Companies like Seventh Generation (which also has this going for it) and NatureWorks are among those to receive certification, with products ranging from engine oil to soaps and household cleaners. The amount of agricultural ingredients contained in each varies, but the label will have a percentage reflecting exactly how much of the ingredients are renewable.
"When consumers see the BioPreferred label in a store, they'll know that the product or its packaging is made from renewable plant, animal, marine, or forestry materials," said Deputy Secretary Kathleen Merrigan during yesterday’s announcement.

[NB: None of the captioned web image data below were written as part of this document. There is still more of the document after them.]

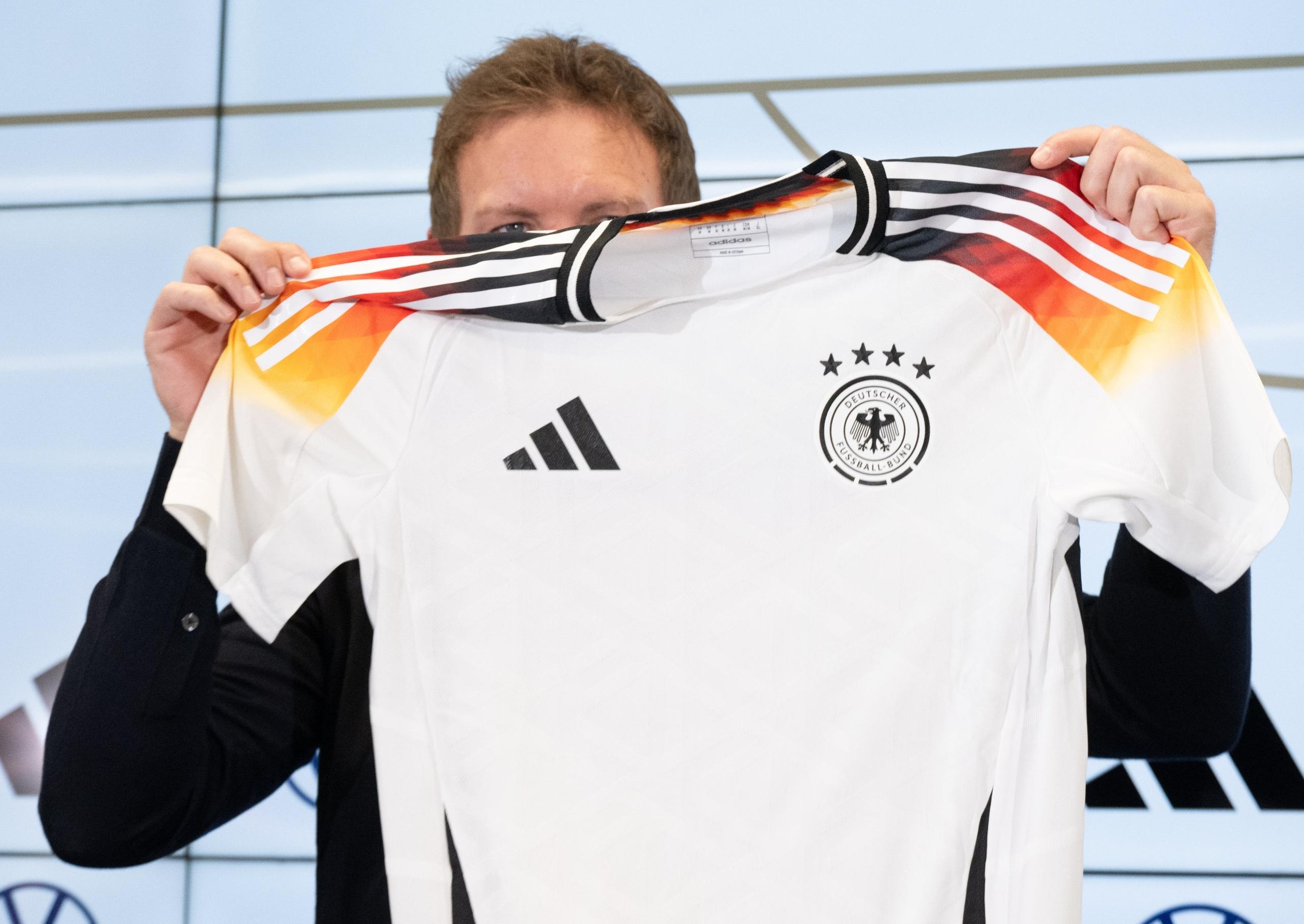 ARCHIV - 14.03.2024, Hessen, Frankfurt/Main: Bundestrainer Julian Nagelsmann hält auf einer Pressekonferenz das neue offizielle EM-Trikot des DFB-Teams hoch. Nagelsmann stellte den Kader für die Testländerspiele Ende März vor. Die DFB-Auswahl spielt am 23. März in Lyon gegen Frankreich und am 26. März in Frankfurt gegen die Niederlande. (zu "Nike statt Adidas ab 2027: Ausrüster-Revolution beim DFB") 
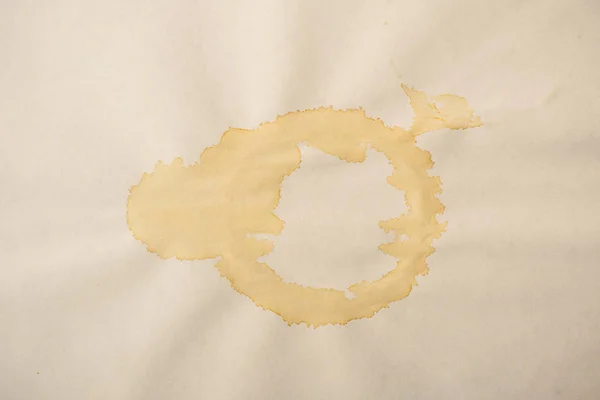 A sheet of the old paper with blots of tea or coffee. Dirty pape — Stock Photo, Image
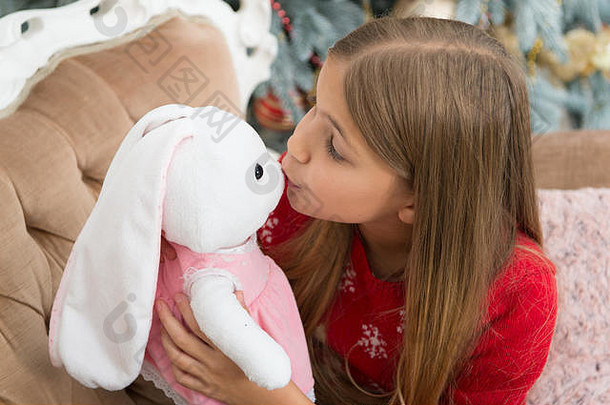 诱人的箱小女孩吻兔子玩具女孩可爱的兔子圣诞节树孩子玩软玩具小孩子快乐微笑现在圣诞节玩具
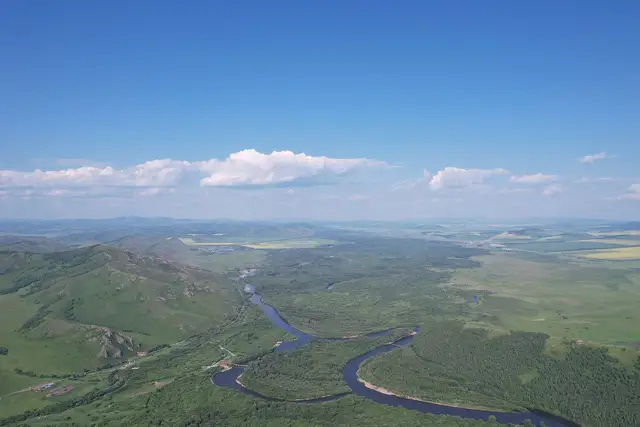 Aerial view of the Gen River winding through green grassland and forest in Ergun National Wetland Park, Hulunbuir, under a wide summer sky.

The program was created nearly ten years ago — as part of the 2002 Farm Bill — in order to grow jobs in rural communities and lessen dependence on foreign oil. That’s a long time from concept to execution, and the program does seem a bit dated in the crowd of third-party label claims on today’s shelves.
There’s also the possibility for confusion. What will consumers think when they see a Biopreferred label next to an organic one? Will they mistake the seal as meaning the product is biodegradable? And how important will those percentages be? People could get into some fairly complex label math if they’re balancing percentage organic and percentage Biopreferred. All things being equal, does Fair Trade become the tie-breaker?
Still, the USDA backing is what the program has going for it. Consumer interest in products that are genuinely “natural” is as strong as ever, and so Biopreferred should hold a lot of appeal for skeptical shoppers. It’s a good first step toward strengthening standards on the use of renewable materials, too, and the USDA has said it hopes to build upon the Biopreferred program.
As always, the ultimate test will come at the shelf.